My problems with the thumb spec

Sun May 18 19:07:01 EEST 2003

As to Kai's post, check out my thumbnail spec. It's available now at:

http://www.mosfet.org/prothumbnails

A technical comparison between it and other thumbnail mechanisms, including 
the FreeDesktop proposed ones is here:

http://www.mosfet.org/prothumbnails/history.html

On Sunday 18 May 2003 08:01 am, Thomas Leonard wrote:
> On Sun, May 18, 2003 at 02:45:32AM +0200, Kai Wetzel wrote:
> [...]
>
> > ...sorry for joining the discussion so late. I've re-read some of the
> > earlier threads on the TMS in my mailbox and I'll comment on some
> > of those suggestions but I'll focus on the latest debate.
>
> [...]
>
> > #6 UNIX mtime vs. MTime attribute in PNG thumbnail file
> >
> >    This decision should be explained more clearly in the standard
> >    or else it will come up again and again. The reason given
> >    is that basically a younger mtime of an invalid thumbnail could
> >    result if the image is replaced with an older one,I think. (Hmm)
>
> I don't think Mosfet was suggesting that. He wanted to set the mtime of
> the thumbnail to that of the source, not the thumbnail's creation time.
> Both approaches are equivalent. Mosfet's is slightly faster in an unusal
> case; the current one is more consistant with the way the size is stored.
>

Calling Unix stat, which you are most likely doing anyways, is much faster 
than opening a PNG header and allows you to check if thumbnails are obselete 
before opening the thumbnail. As you stated both mechanisms are functionally 
equivalent - one is faster, requires no overhead over what people are already 
doing, and is standard Unix. The other is not ;-)

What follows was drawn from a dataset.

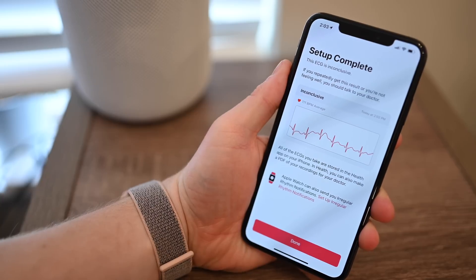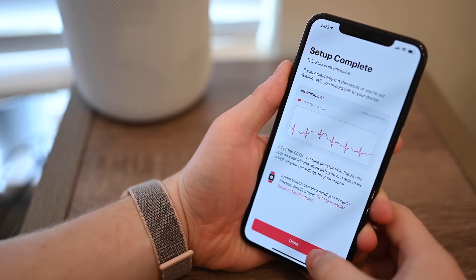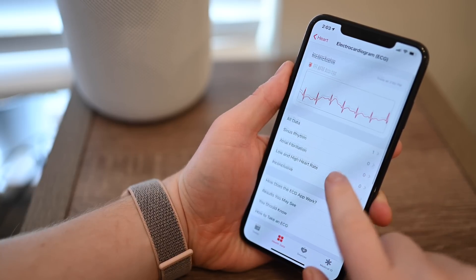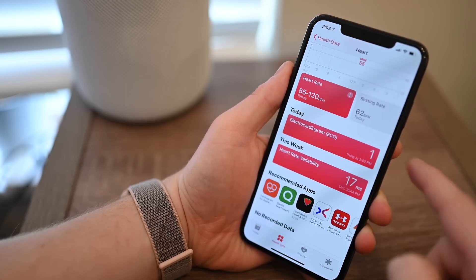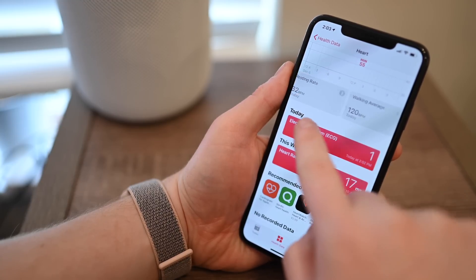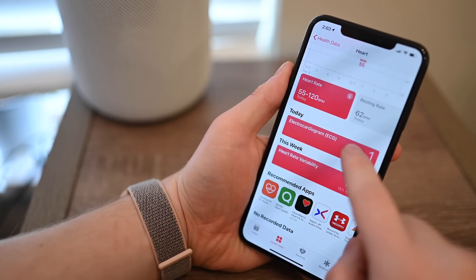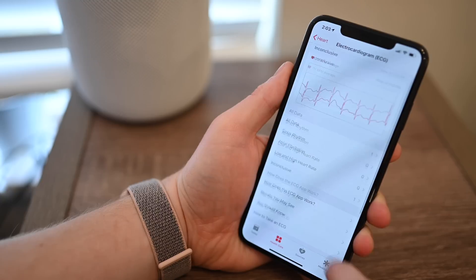Once you've finished the test, you can return to your iPhone — as we are in the middle of the setup process — and it'll give you a rundown of your results. Simply tap Done at the bottom. If you ever want to get back to your heart rate data, open the Health app and go to Heart, and you have that electrocardiogram card right within the Heart section. In there will be all of the readings you take and additional information, including PDFs you can export and send to your doctor.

Besides, if you looked at the libpng spec it already can store modification 
timestamps in the standard png_time structure. The timestamp as PNG text 
makes no sense whatsoever. It avoids two standard procedures that can 
accomplish the same thing: Unix stat and libpng.

> > #6 One large folder with MD5 for each file vs. MD5 directories &
> >    individual files without MD5
> >
> >    Unfortunately, few _facts_ have been presented about this issue.
> >    The case about one large directory has been backed off with readings
> >    for NFS but I don't understand why it's actually faster (must be
> >    some weird NFS implemetation detail). A few points:
>
> Note that my arguments against the original plan do not apply to Mosfet's
> proposal. I argued that splitting a logically unified directory (full of
> MD5 sums) arbitrarily into subdirectories was an ugly premature
> optimisation; something the kernel should, and probably would, do
> automatically and better.
>

Using one large directory is not an optimization, and it most certainly is 
ugly. I think most people would rather deal with 1 MD5 calculated path when 
entering a folder than having to calculate a few hundred or thousand MD5 sums 
for each file. What little, (if any), speed you gain by throwing everything 
in one folder is going to be thrown away both by having to recalculate each 
file path in MD5 and search through a huge inode list. Not to mention having 
one folder full of hex filenames ain't the most user-friendly way of doing 
things ;-) I already have written utilities such as "pwdthumb", which prints 
out the path that thumbnails are stored that users can use to manually manage 
their thumbnails. This is impossible with the proposed FreeDesktop spec.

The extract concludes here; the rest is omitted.